[DATA SEGMENT]
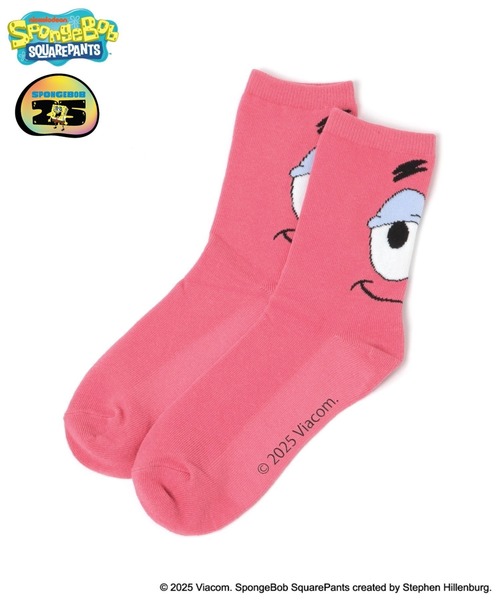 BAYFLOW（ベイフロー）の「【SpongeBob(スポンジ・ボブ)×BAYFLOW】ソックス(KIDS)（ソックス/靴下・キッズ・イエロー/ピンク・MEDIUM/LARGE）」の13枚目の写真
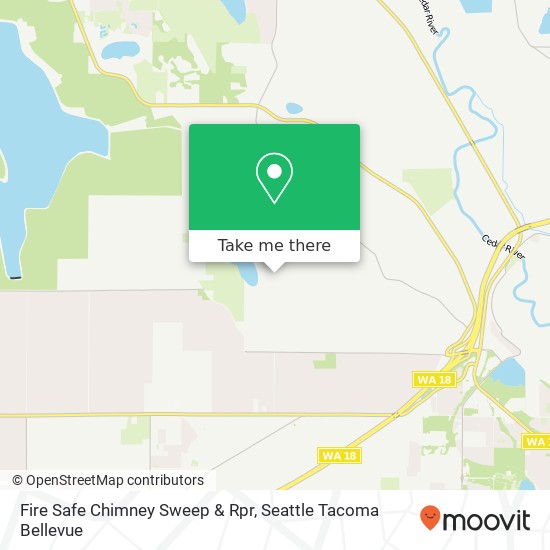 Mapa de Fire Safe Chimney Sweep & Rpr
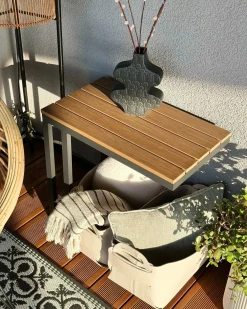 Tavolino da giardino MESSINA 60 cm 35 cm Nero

[TASK BRIEF]
Reproduce every line of the material above, but drop the pictures.

[SOLVED PROBLEM]
 BAYFLOW（ベイフロー）の「【SpongeBob(スポンジ・ボブ)×BAYFLOW】ソックス(KIDS)（ソックス/靴下・キッズ・イエロー/ピンク・MEDIUM/LARGE）」の13枚目の写真
 Mapa de Fire Safe Chimney Sweep & Rpr
 Tavolino da giardino MESSINA 60 cm 35 cm Nero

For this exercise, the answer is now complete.